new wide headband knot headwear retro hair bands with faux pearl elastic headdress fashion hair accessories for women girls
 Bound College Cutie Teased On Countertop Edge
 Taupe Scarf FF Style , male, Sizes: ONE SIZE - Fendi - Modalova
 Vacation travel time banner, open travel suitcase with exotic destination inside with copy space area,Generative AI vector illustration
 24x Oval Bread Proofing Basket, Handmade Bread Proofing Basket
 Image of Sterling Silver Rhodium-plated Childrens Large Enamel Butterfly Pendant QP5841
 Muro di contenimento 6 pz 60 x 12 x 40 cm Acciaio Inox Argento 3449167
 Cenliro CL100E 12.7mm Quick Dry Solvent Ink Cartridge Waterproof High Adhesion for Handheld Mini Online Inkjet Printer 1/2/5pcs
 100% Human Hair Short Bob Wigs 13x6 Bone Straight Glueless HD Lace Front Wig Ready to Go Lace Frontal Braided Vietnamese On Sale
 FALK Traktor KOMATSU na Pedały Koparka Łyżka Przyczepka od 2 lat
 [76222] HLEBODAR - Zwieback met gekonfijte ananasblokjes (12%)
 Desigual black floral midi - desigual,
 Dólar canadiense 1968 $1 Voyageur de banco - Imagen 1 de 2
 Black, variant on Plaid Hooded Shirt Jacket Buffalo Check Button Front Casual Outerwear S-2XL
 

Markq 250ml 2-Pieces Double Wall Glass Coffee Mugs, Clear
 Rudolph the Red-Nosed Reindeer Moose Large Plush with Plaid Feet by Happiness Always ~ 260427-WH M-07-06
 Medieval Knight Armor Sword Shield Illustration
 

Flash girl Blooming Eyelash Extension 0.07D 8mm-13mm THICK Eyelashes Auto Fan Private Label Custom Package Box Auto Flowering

What the exercise asks
Every line in the data that holds "Plaid" should be copied out.

Expected answer
 Black, variant on Plaid Hooded Shirt Jacket Buffalo Check Button Front Casual Outerwear S-2XL
 Rudolph the Red-Nosed Reindeer Moose Large Plush with Plaid Feet by Happiness Always ~ 260427-WH M-07-06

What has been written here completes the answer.